Sunday, May 12, 2013

Graduation Sunday - May 12, 2013 - Acts 16:16-34

First of all, I would like to congratulate you graduates.  Many years ago, when you were quite small, you began something.  Back then, as five year olds, you had imaginations that ran wild and created all kinds of improbable scenarios.  “Look Mom!  This cardboard box that I’m sitting in is actually a spaceship!”  But for all that imagination you would not have been able to imagine today.  Nor would you have been able to imagine these intervening years, full of your particular accomplishments...... and also some things you would change if you could.  There was no way to know what would happen.  It took the living of those years to find out the future.

Have you contemplated your freedom?  I don’t mean to put words in your mouth or attribute thoughts to you that are not your own, but many people at about this time in life are excited at the prospect of freedom.  Freedom from the discipline of parents.  Freedom from the schedule the past 12 years have imposed on you, August through May, day in, day out.  Have you caught yourself thinking like that?
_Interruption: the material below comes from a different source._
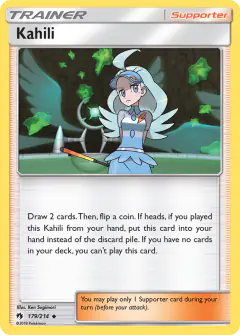 Kahili Uncommon card from Lost Thunder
If you have, and I don’t presume that you have, so take it for what it’s worth, you might be disappointed by the freedom that is in store for you.  As you move forward, you will need to work harder.  Work and school will impose more on you, not less.  And the discipline that your parents provided for you might start seeming more like a helpful structure that organized your lives.


That is not to say that there is not freedom to be had.  And this is where I’d like to turn to our lesson for today.  For the lesson from Acts is about freedom.  Paul and Silas have crossed over into Europe from Asia, they are in a town called Phillipi.  They have already met with some success in spreading the gospel, converting a rich woman named Lydia who then offered them a place to stay as they preached in the town. 

As they continued to go about the town preaching, they met a slave-girl who was possessed by a spirit of divination.  She brought her owners a great deal of money by fortune telling.  And she pesters them; it seems this spirit that was in her compelled her to testify about Paul and Silas.  Interestingly she says, “These men are slaves of the Most High God, who proclaim to you a way of salvation.”

So as our story begins, we actually have all kinds of language that has to do with slavery, not freedom.  The girl does not own herself, she is owned by others.  She does not control her own mind, but is enslaved by a spirit.  And Paul and Silas are slaves of the Most High God.

Well, Paul gets annoyed by this noise coming from this spirit through the girl, so he casts it out.  The girl is set free!  That is what you would expect.  But instead of seeing freedom, instead we see anger from the girl’s owners.  They are so angry, in fact, that they drag Paul and Silas before the town’s judges and stir up the crowd against them.  The crowd attacks them.  The judges have them beaten.  They are tossed into jail and have leg irons put on them.  Our expectations have been turned on their heads.  Instead of more freedom, there seems to be less of it.

Then, as they sit in the jail, their freedom taken away from them, Paul and Silas begin to pray and to sing hymns to God.  And an earthquake rumbled and shook, the foundations of their prison trembled, and they were set free!  This is more like it. 

When the jailer awoke and found the doors open he was going to kill himself for having failed to fulfill his duty, but Paul stops him, assuring him that they and all the prisoners are still there.  He doesn’t need to fear.  Now this is curious.  Instead of obtaining their freedom, Paul and Silas stay put in the jail.

At what point in this story are Paul and Silas free?  They are free the whole time.  What kind of freedom is it?  They have the freedom of Christ. 

{off the cuff}

What is this freedom that we have in Christ?
It is not the freedom to get out of jail free.
It is not the freedom that means nobody will exert their power over us.
It is not the freedom from hardship or obstacles.


It is the freedom from death, the Devil and our sinful selves. 
It is the freedom to give thanks in all circumstances knowing that God is Lord over all and that we are in his care.
           


As you live into your futures, you might be less free than you expect.  School and work and relationships will impose on you in all kinds of ways.  But the freedom of Christ is available to you in all circumstances.  You access this freedom by giving thanks.  By praising God.  By trusting.